今回は「ESGとDXが変える会社員の未来-新しい30年を作り出すために知っておきたいこと-」と題して、マーケットリバーで代表取締役を務めている市川祐子氏をお招きし、企業がESGに取り組むべき理由を著書『ESG投資で激変! 2030年 会社員の未来』の内容も交えつつ解説いただきました。一般社団法人日本デジタルトランスフォーメーション推進協会の代表理事を務める森戸裕一との対談形式で実施した、本セミナーのレポートをお届けします。

市川氏:ESGやサステナビリティは事業成長の足かせじゃないか、ガバナンスとかで縛るんじゃないかとかよく言われますが、長期的に見れば全ての会社の成長に必要です。企業に出資する投資家は利益が減るにもかかわらず、気候変動対策を企業に要求しています。本の中でも触れてるんですけれども、気候問題イコール経済問題だからです。

イギリスの財務省や日本の環境省が公開している「スターン・レビュー(https://www.env.go.jp/council/06earth/y060-38/mat04.pdf)」によると、気候変動に対して策を何も講じなかったら、世界の各年のGDPで少なくとも5%ぐらいの損失、より広範囲な影響を考慮するとGDPの20%以上損失が出ると。一方、気候変動対策にかかる費用はGDPの1%ぐらいで済むと。

それから、例えば日本だとGPIF(年金積立金管理運用独立行政法人)みたいな、年金を預かって運用している機関や、上場企業の半分以上に投資しているような大手の投資家たちにとっては長期的に儲かる仕組みや持続する社会が必要だし、全部が良くなってくれないと困るんですよ。合理的にも気候変動対策をした方が得だし儲かるから、投資家は企業に対して要求するんですね。

上記の表は、社会の持続可能性と企業の持続可能性を4象限にしたものです。右下は会社だけ生き残ればいい。左上は社会にはいいこと(善行)だけどコストになってしまう(フィランソロピー)。CSR(Corporate Social Responsibility:企業の社会的責任)みたいなものだと思ってください。この両極端が企業の取り組みと認識していて、ESGとは左上だと思ってる人が多いんですけど、株主や投資家は企業に対して、右上のマテリアリティって書いてある「最も重要なESG課題」に取り組むことを望んでいるんですね。

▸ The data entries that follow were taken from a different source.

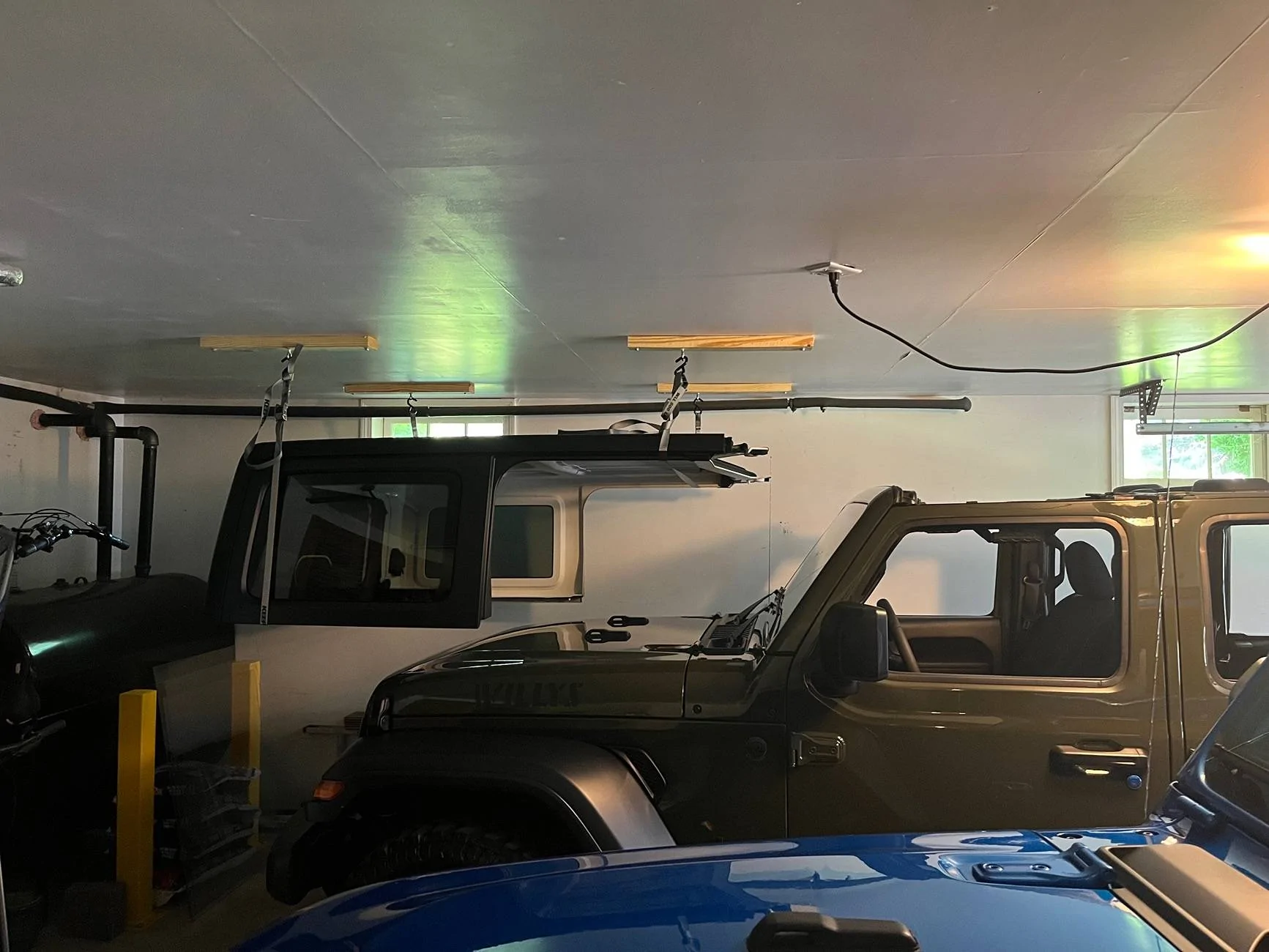 Jeep Wrangler JL Hard top storage and hoist? IMG_6095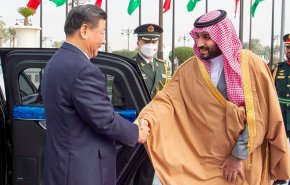 اعلامي عربي لابن سلمان: تمسك بحبل الله قبل حبل امريكا والصين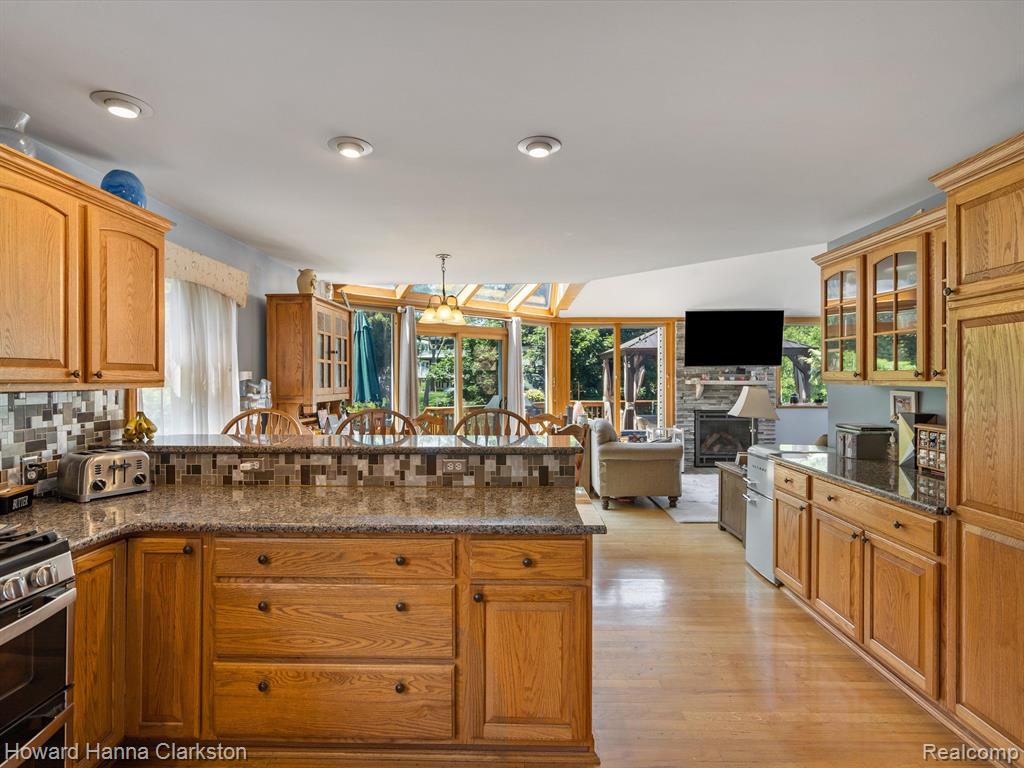 3097 Lansdowne Road Waterford, MI 48329 - Photo 19 of 33 Gallery Image 19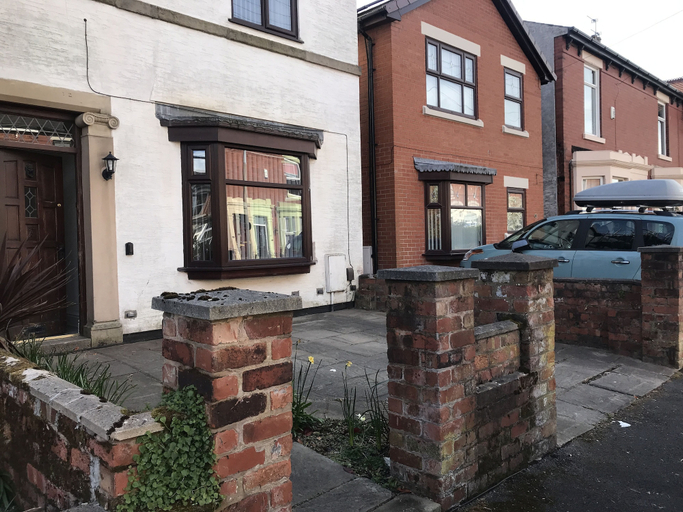 Exterior & Views, Stylish 3-bed Preston Home for Relaxing Comfy Stay, Lancashire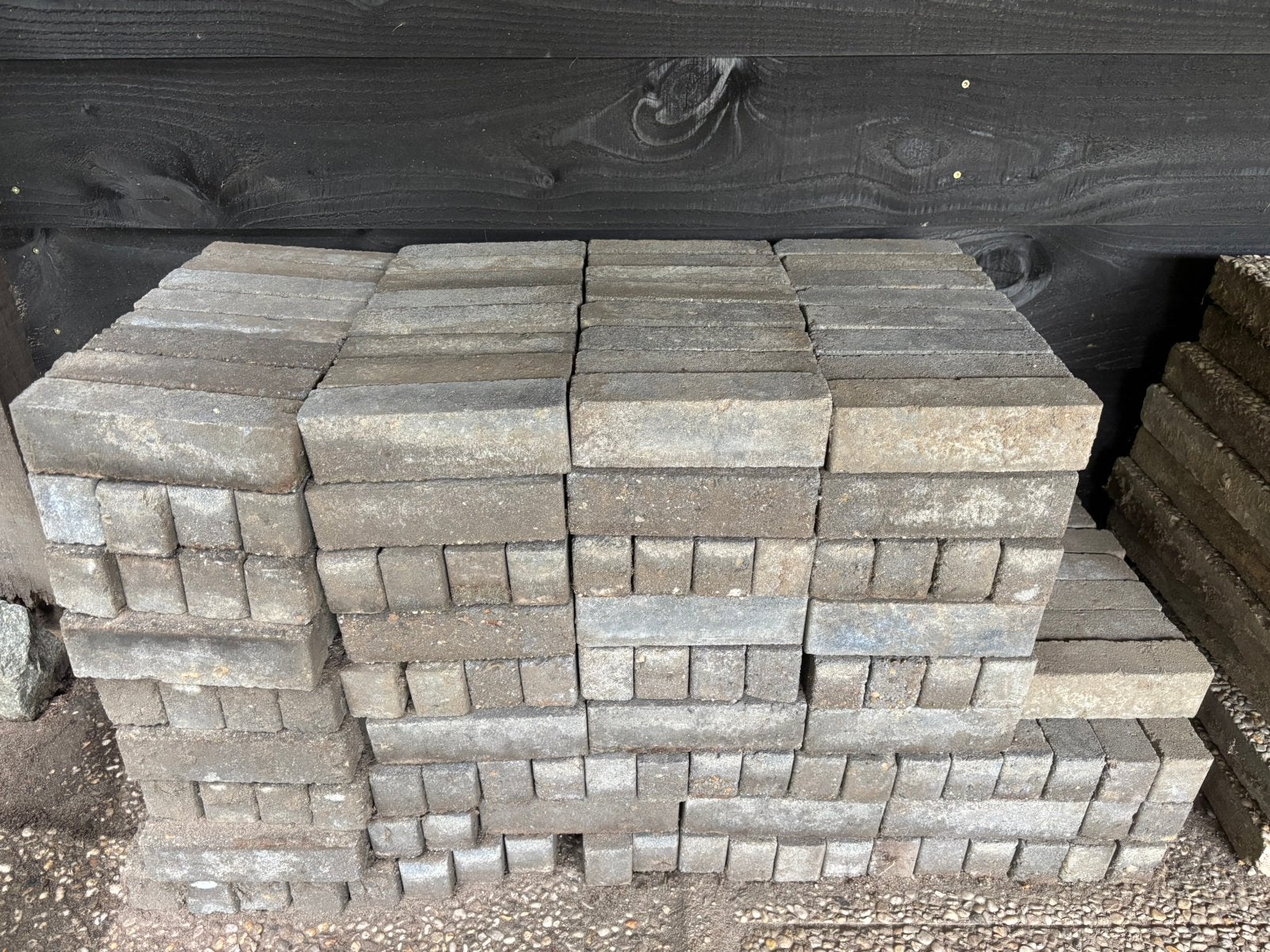 Gratis: 320stuks grijs/antraciet beton waaltjes, Ophalen, Gebruikt, Klinkers, Minder dan 5 m²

ESG課題は会社によって異なるので、企業が取り組むべきことを類型化して事例を出したのがこのスライド「企業価値に効くESG」です。ソニーグループでは、自社のESGの取り組みを「貢献」(ポジティブインパクト、プラス面をさらにプラスにする)と、「責任」(ネガティブインパクト、事業運営においてどうしても発生してしまうネガティブな面をなくそうとする)というキーワードを使って、投資家たちに説明していますので真似てみました。具体的には低消費電力のサーバーを使う、業務を効率的にする、再エネを使う、CO2削減に貢献する事業を手掛ける、リサイクルで画期的なものを作るとか人材投資とかいったものは貢献で、有害物質廃棄物を小さくする、人権保護や労働管理といったことに取り組むのを責任であると。

ここで紹介したいのが、二宮尊徳(金次郎)の言葉です。右下の「道徳なき経済は犯罪である」、不正で儲けたらそれは犯罪です。また左上の「経済なき道徳は寝言である」と。つまり、経済と道徳の両立が大事ですと言ってるんですね。まさに今、明治の時代に先人が言ったことと同じことをしようとしているんです。

森戸:投資家の方々がESGを重視するのはよく分かりました。株式を公開してない企業の場合、ESGに取り組むモチベーションは何かありますか。例えば企業間の取引でESGが重視される事例は出てきていますか。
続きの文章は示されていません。